### Assignment
Would you return exactly the lines below from the line with "SafariGateway_'s tweet photo." through the line with "Kapitalismus a svoboda", both included, and nothing else, leaving out the pictures?

### Data section
........

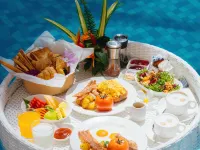 Wyndham Garden Phuket Kamala Hotel in zona Spiaggia di Kamala Beach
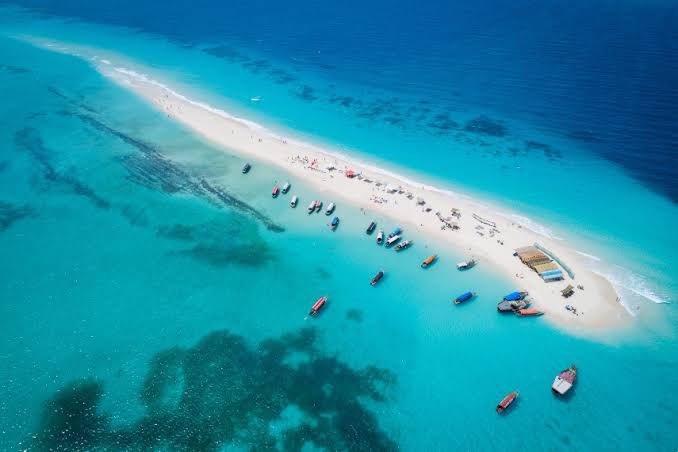 SafariGateway_'s tweet photo. 10 places to Visit in 2024

1. Zanzibar, Tanzania 🇹🇿 https://t.co/YYSoGwASme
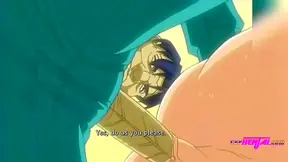 Incel Masters Astral Sex To Fuck Everyone Including Pregnant Women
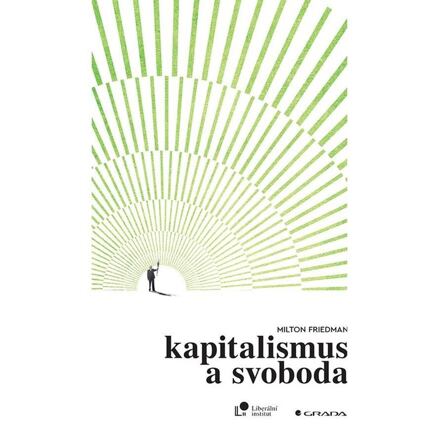 Kapitalismus a svoboda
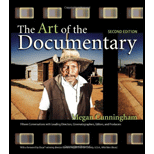 ART OF THE DOCUMENTARY: FIFTEEN CONVERSATIONS WITH LEADING DIRECTOR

........

### Answer for this exercise
 SafariGateway_'s tweet photo. 10 places to Visit in 2024

1. Zanzibar, Tanzania 🇹🇿 https://t.co/YYSoGwASme
 Incel Masters Astral Sex To Fuck Everyone Including Pregnant Women
 Kapitalismus a svoboda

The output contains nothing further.